How Networking Builds Resilience
With the economy still uncertain, businesses need leaders and managers who are willing to network across their own organizations, and use every opportunity to communicate. Former Olympic gold medalist and Lane4 consultancy director Adrian Moorhouse explains how this pays off in organizational resilience.
Joanna Higgins: Now, one of the other things you talked about was the idea of working across teams. Can you expand on that a little bit?
Adrian Moorhouse: Yes, some—I keep answering the collective resilience piece is the ability to create social networks as we might imagine, I mean this comes from community psychology. It’s a research in to help communities thrive and grow. And it’s not a surprise that social networking is actually on the rise and there is a massive way of people connecting. Well, it’s true of organizations as well. You can’t underestimate the power of a social network within your organization.

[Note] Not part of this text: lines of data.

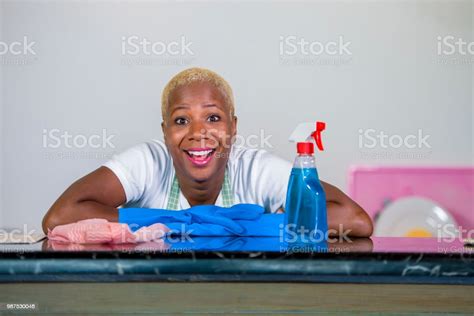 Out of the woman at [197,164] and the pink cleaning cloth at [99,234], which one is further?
the woman at [197,164]

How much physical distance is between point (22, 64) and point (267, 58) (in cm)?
104

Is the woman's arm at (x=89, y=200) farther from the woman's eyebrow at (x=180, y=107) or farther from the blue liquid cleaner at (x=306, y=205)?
the blue liquid cleaner at (x=306, y=205)

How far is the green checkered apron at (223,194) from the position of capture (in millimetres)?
2262

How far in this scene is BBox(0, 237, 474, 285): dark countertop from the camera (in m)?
0.98

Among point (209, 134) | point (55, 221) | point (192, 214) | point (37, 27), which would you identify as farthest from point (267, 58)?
point (192, 214)

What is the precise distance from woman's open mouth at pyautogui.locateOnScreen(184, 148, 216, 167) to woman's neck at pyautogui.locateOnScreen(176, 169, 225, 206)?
2.5 inches

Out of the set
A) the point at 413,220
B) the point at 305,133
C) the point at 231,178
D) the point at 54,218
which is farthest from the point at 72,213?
the point at 413,220

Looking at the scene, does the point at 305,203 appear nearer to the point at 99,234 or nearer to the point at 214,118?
the point at 99,234

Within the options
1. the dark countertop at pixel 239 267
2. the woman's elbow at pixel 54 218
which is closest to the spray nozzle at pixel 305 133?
the dark countertop at pixel 239 267

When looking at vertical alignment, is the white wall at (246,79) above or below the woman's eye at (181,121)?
above

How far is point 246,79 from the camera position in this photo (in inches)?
115

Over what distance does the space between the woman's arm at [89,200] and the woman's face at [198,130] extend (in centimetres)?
24

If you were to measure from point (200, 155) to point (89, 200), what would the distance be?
1.51 ft

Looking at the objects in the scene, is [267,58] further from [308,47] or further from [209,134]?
[209,134] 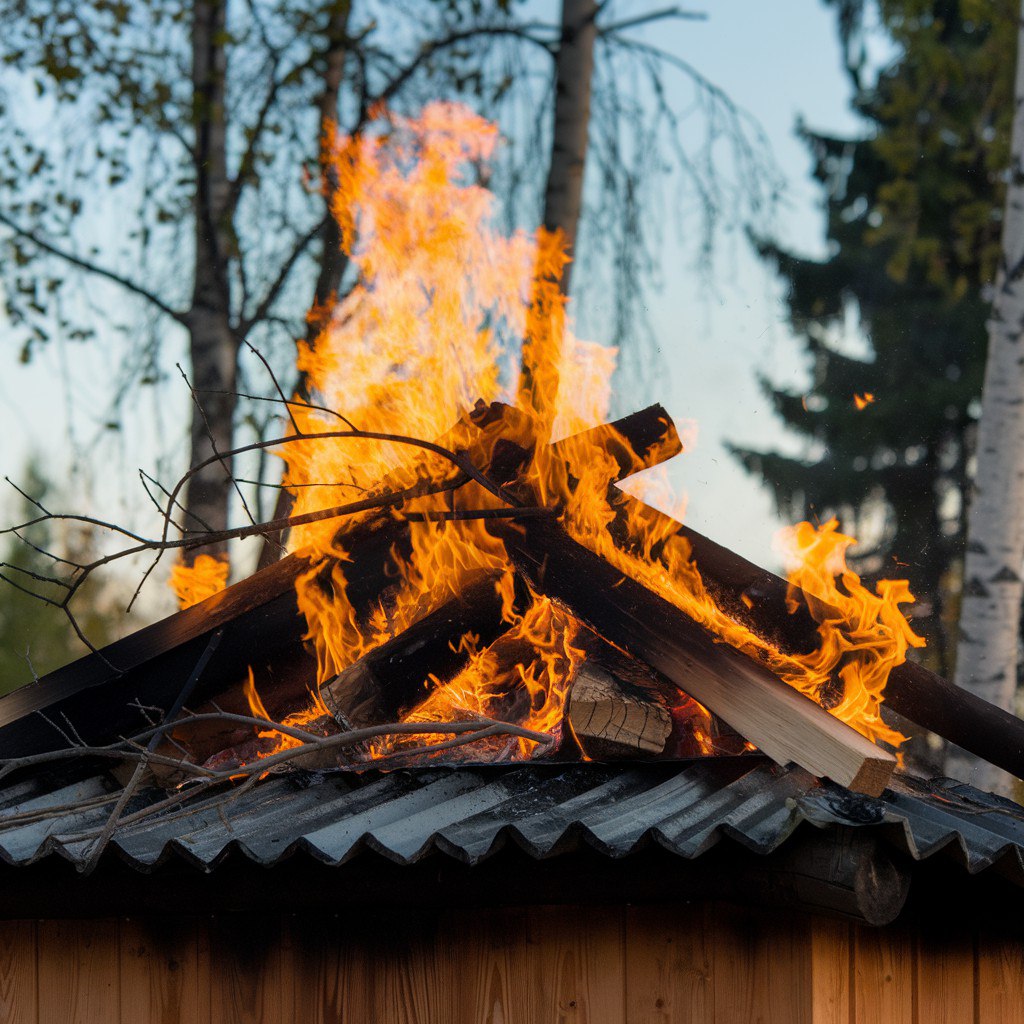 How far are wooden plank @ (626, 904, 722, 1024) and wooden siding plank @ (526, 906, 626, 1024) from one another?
4 cm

So, in the recession, don’t cut into divisional meetings, you know, make sure you keep space for people to make those connectivity that are going to be critical for business to achieve stuff and learning together is another way where you know, the training budget goes. But a wonderful way of getting people to connect and therefore, when you’re in a meeting with somebody you’ve been with, you might be different and that makes it might be more productive because you’ve actually had a social—I say social I don’t mean going on a pop, I mean do you understand the matter of human level rather than just a transaction level.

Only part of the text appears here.